We have no irrefutable evidence either way. So we have to go with the simplest story. The simplest story does not involve a bi-national coverup extending to the highest levels of government. Congressional investigations “ordered” by the president to find in a particular way (isn’t Congress supposed to be independent?). Plans, apparently phoned in from Washington, which immediately called off the Liberty’s air cover within an hour, as claimed by Mr. Duality’s cite. We are talking 1967 here, when it took two weeks to decide on targets to bomb in North Vietnam. 35 years of nearly complete silence by every member of both sides of the government. These things appear as flights of fancy, at least to me. So we have to go with human error, IMHO.
Even with much greater levels of technology, we drop bombs on our own troops and those of our allies. Even with the most precise GPS targeting, we blow up Chinese Embassies. There has always been a fog of war, and there probably always will be. To posit an extensive, highly coordinated coverup between two different governments in the height of a vicious war is IMHO a little ludicrous.
The USS Liberty is not unique in this fact. Other incidents of friendly fire have drawn the exact same calls of conspiracy and cover up. One which comes to mind is when Norman Schwarzkopf lost 8 men to US artillery in Vietnam.

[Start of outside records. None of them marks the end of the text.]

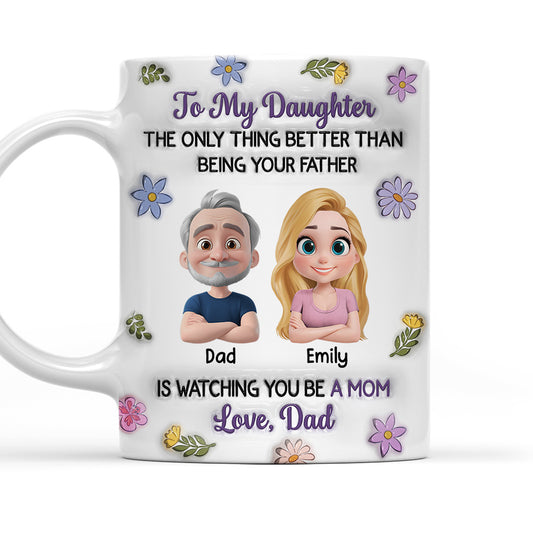 Linked Together Cartoon From Dad - Personalized Custom 3D Inflated Effect Mug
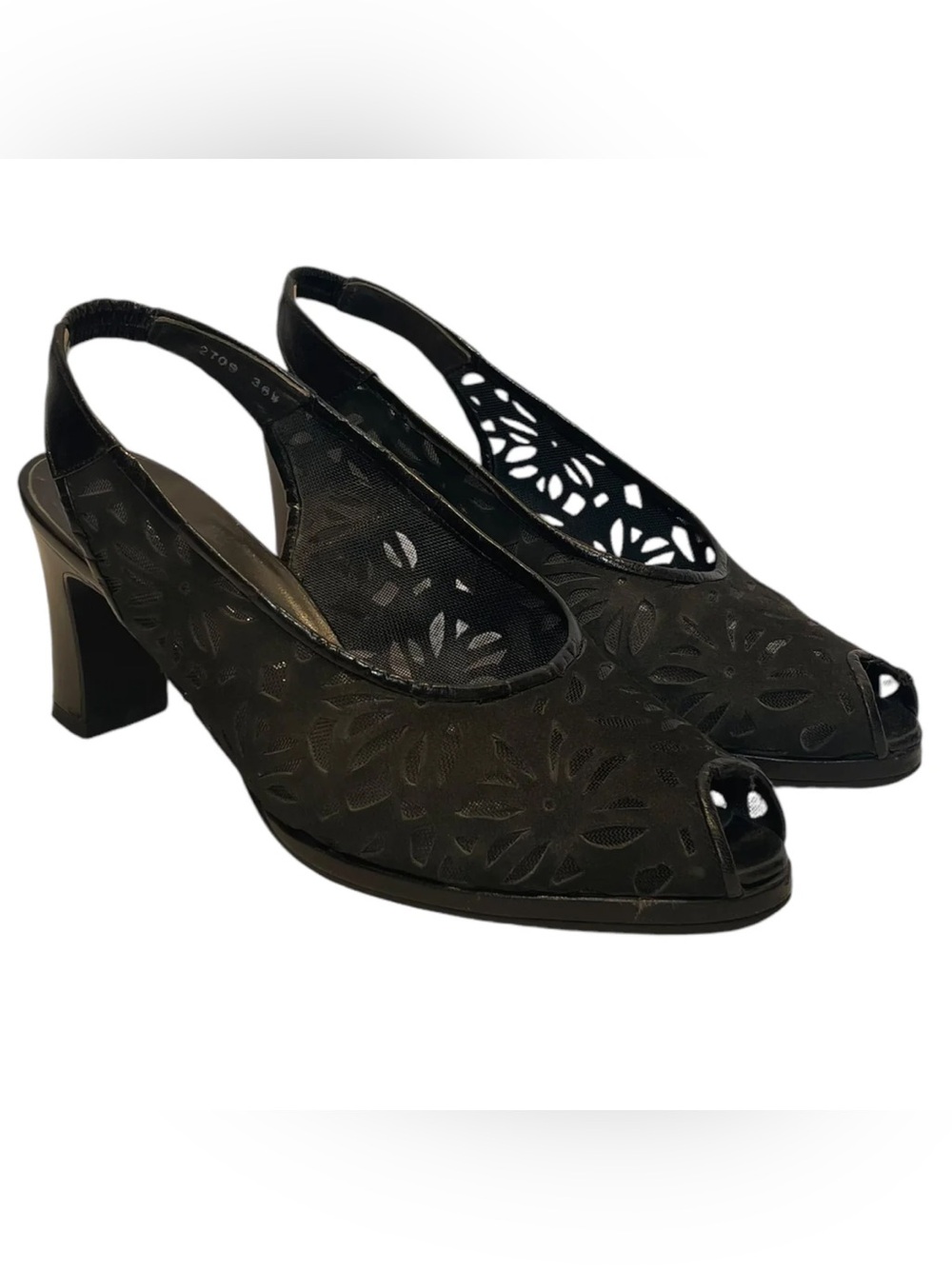 Balenciaga Black Peep-Toe Slingback Heels with Floral Cutouts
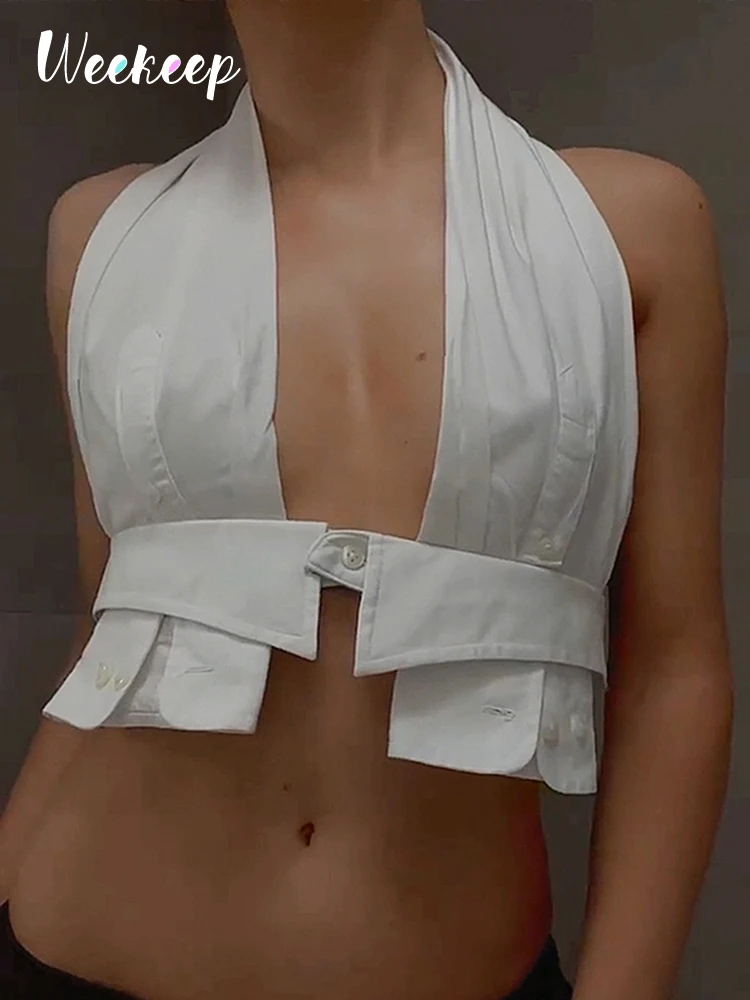 

Weekeep White Halter Shirt Camis 100% Cotton Sexy Deep V Neck Elegant Streetwear Women Sleeveless Backless Bandage Crop Top Lady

http://www.achievement.org/autodoc/page/sch0int-2
The parents of one of the men lost, Michael Mullen, became convinced of a cover up, and have testified to Congress and written books about it. Again, officials including Schwarzkopf deny any such conspiracy, and blame it on the fog of war. Friendly fire is tragic, especially because survivors cannot vilify the enemy and take comfort in the fact that their loved ones died in a brave necessary fight.